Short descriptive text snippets
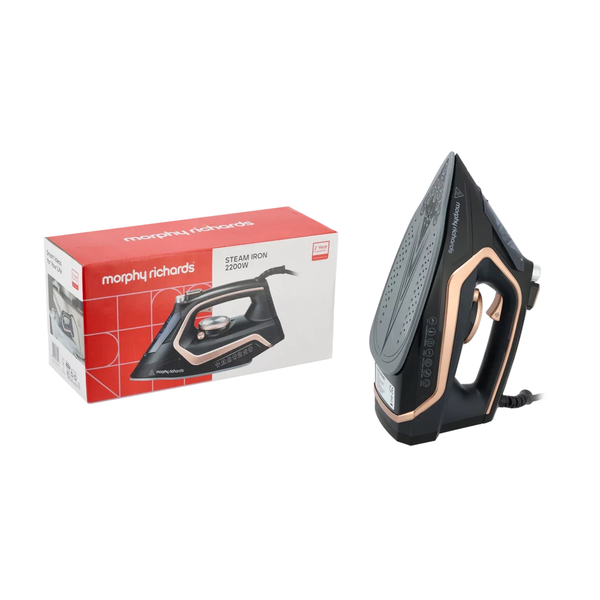 Morphy Richards Rose Gold &amp; Black Steam Iron 2200W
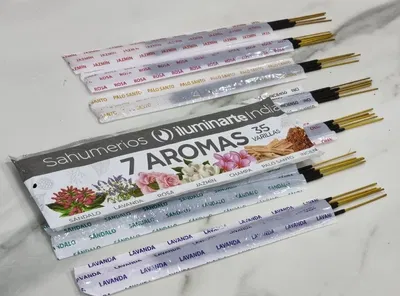 Sahumerio 7 AROMAS INDIA Iluminarte x 1 sobre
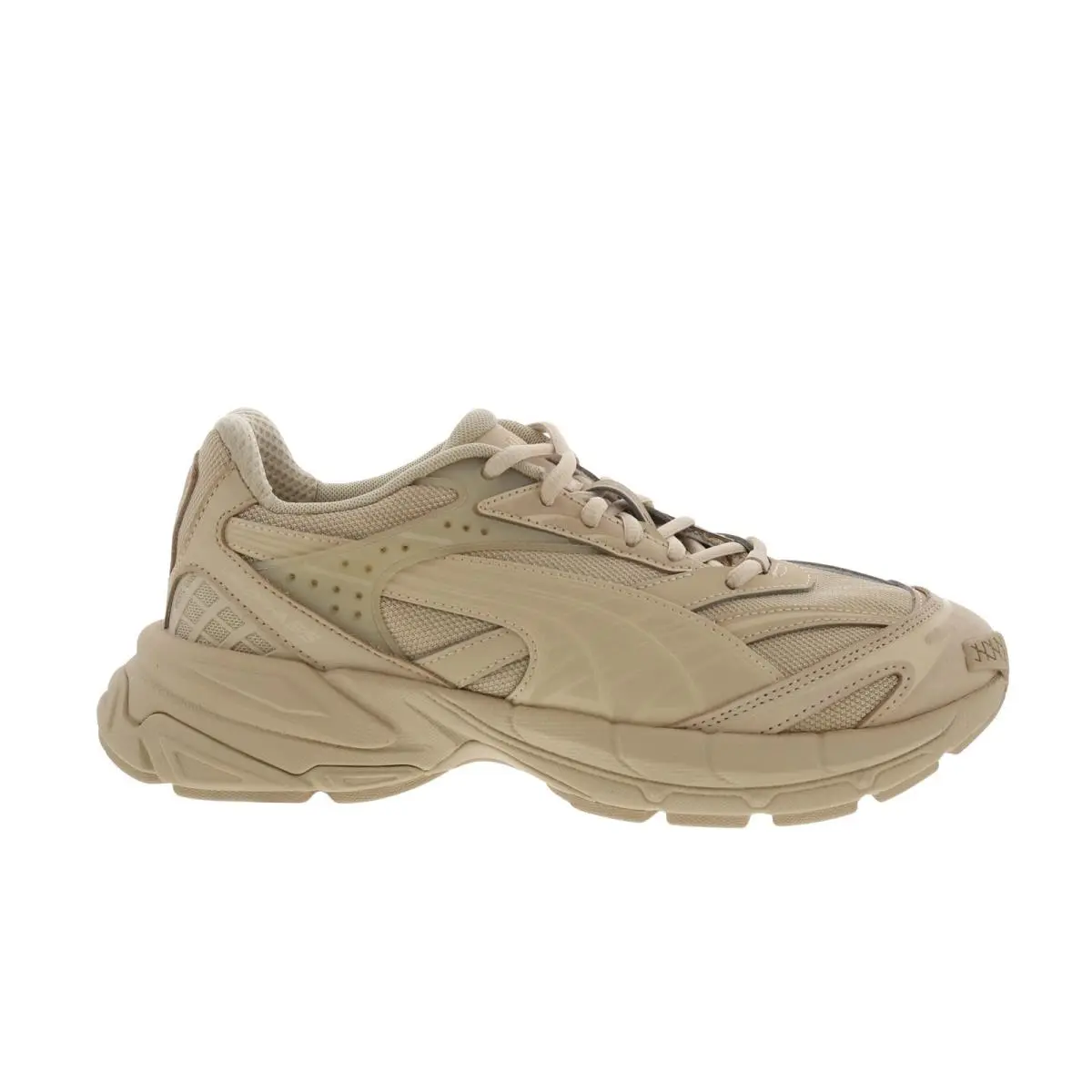 Velophasis Prm 39196402 Mens Beige Leather Lifestyle Sneakers Shoes 8 by Puma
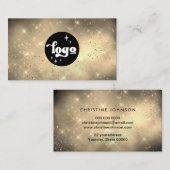 golden cloud ajouter votre logo carte de visite (Devant / Derrière)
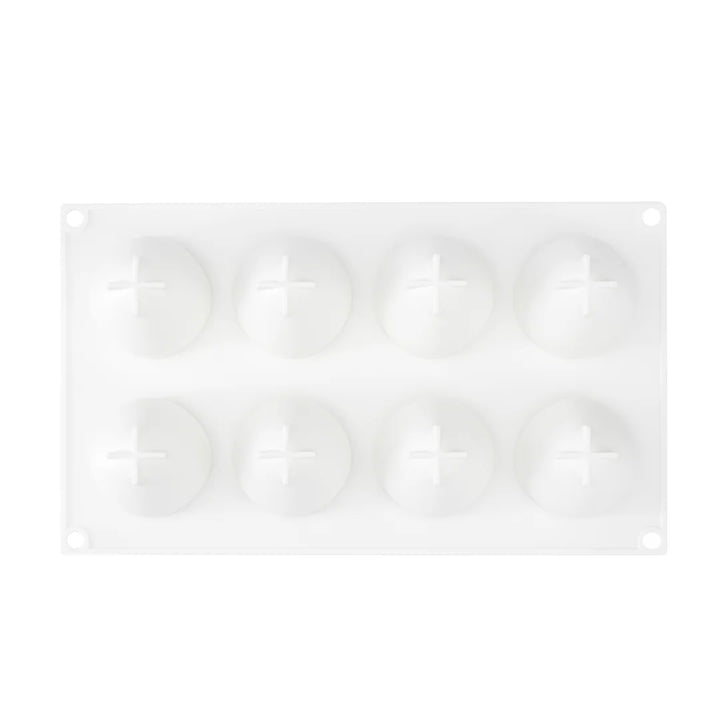 Restaurantware Pastry Tek 8-Compartment Silicone Strawberry Molds - Restaurant Equipment and Smallwares - Canadian Distribution
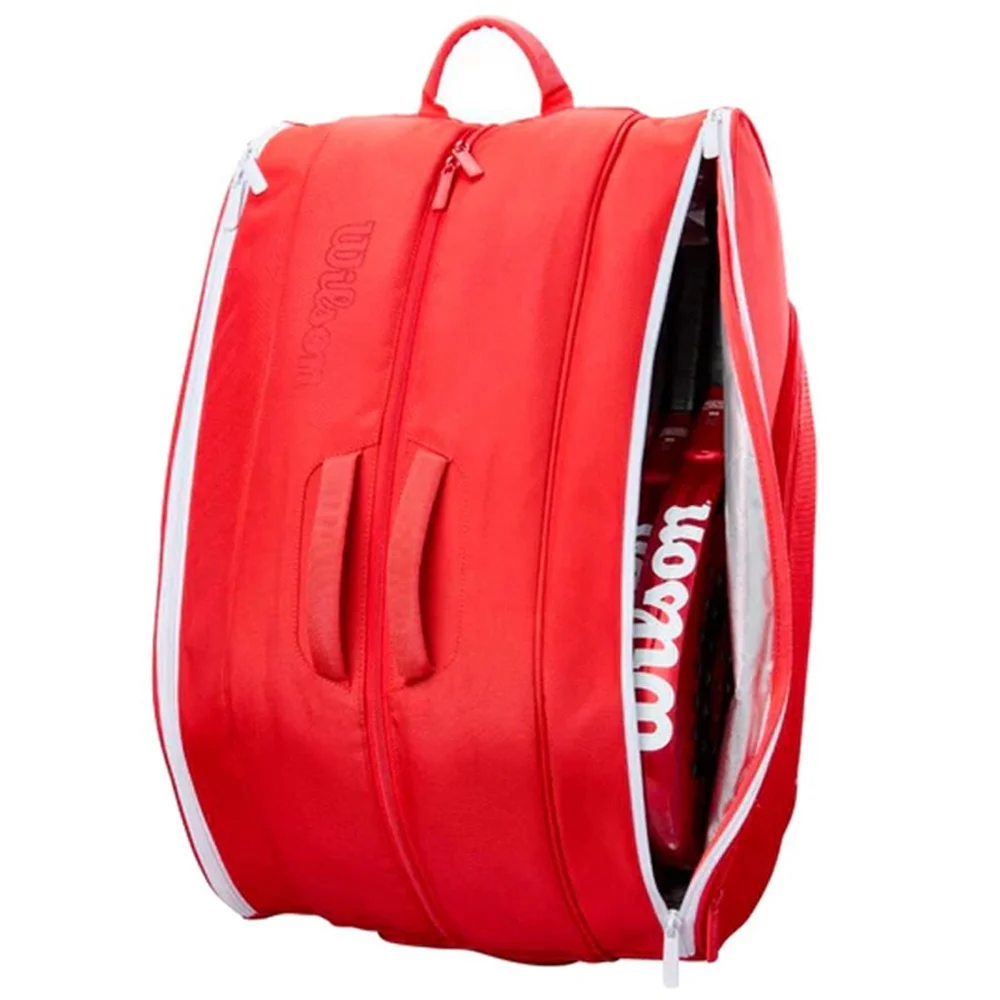 Wilson Tour Red 2025 — red padel bag with Thermoguard and modern sporty design - image 5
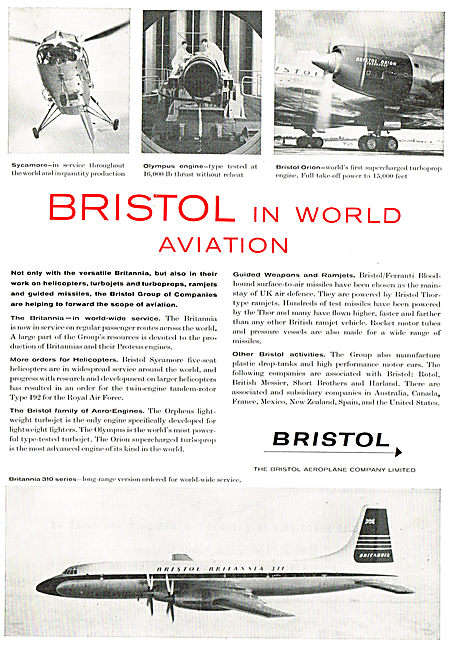 Bristol Aeroplane Company  In World Aviation                     
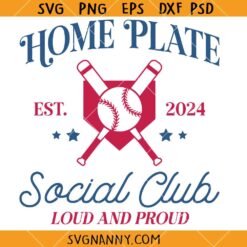 Home Plate Social club SVG, Home Plate Svg, Social Club Svg, Baseball Mom Svg, Baseball Family Svg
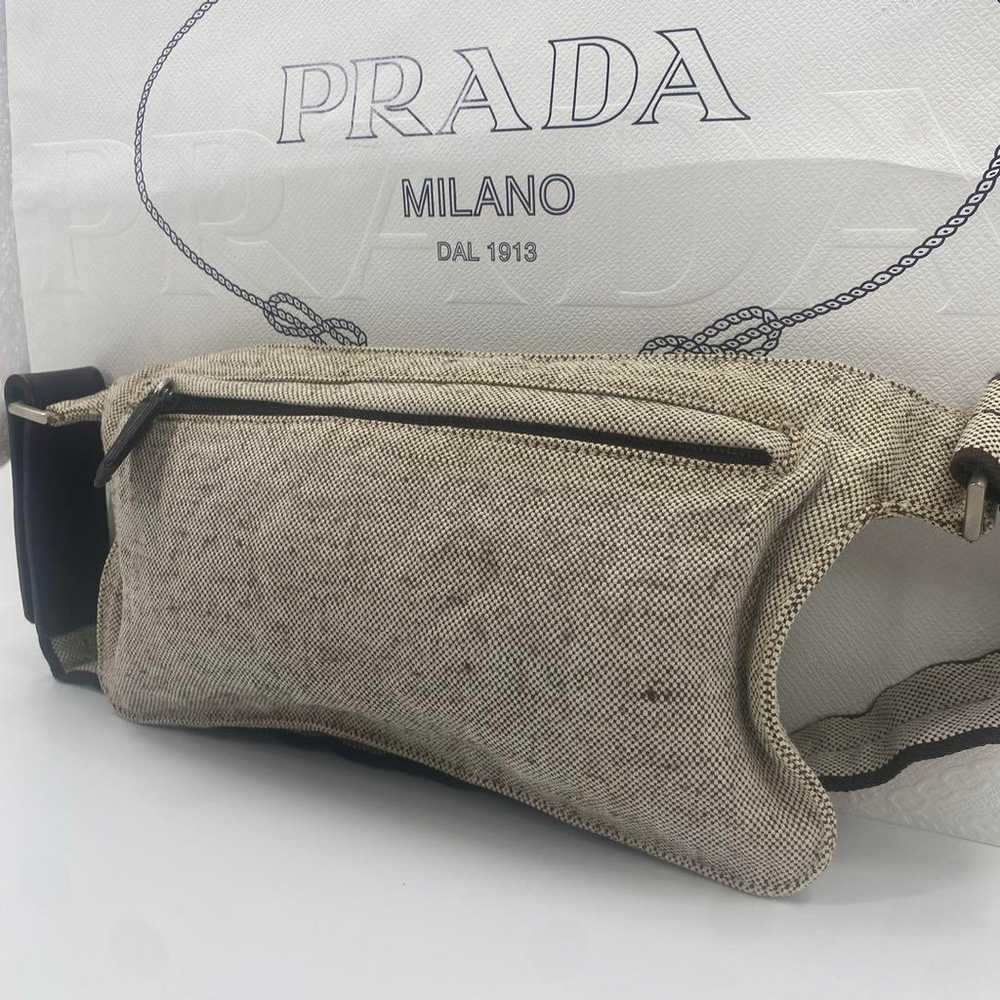 Excellent condition Prada Canapa Sports Waist Pou… - image 4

* [Your instructions]: Return the entries unchanged, save for the pictures, which do not belong in the copy.

* [Task answer]:
 Morphy Richards Rose Gold &amp; Black Steam Iron 2200W
 Sahumerio 7 AROMAS INDIA Iluminarte x 1 sobre
 Velophasis Prm 39196402 Mens Beige Leather Lifestyle Sneakers Shoes 8 by Puma
 golden cloud ajouter votre logo carte de visite (Devant / Derrière)
 Restaurantware Pastry Tek 8-Compartment Silicone Strawberry Molds - Restaurant Equipment and Smallwares - Canadian Distribution
 Wilson Tour Red 2025 — red padel bag with Thermoguard and modern sporty design - image 5
 Bristol Aeroplane Company  In World Aviation                     
 Home Plate Social club SVG, Home Plate Svg, Social Club Svg, Baseball Mom Svg, Baseball Family Svg
 Excellent condition Prada Canapa Sports Waist Pou… - image 4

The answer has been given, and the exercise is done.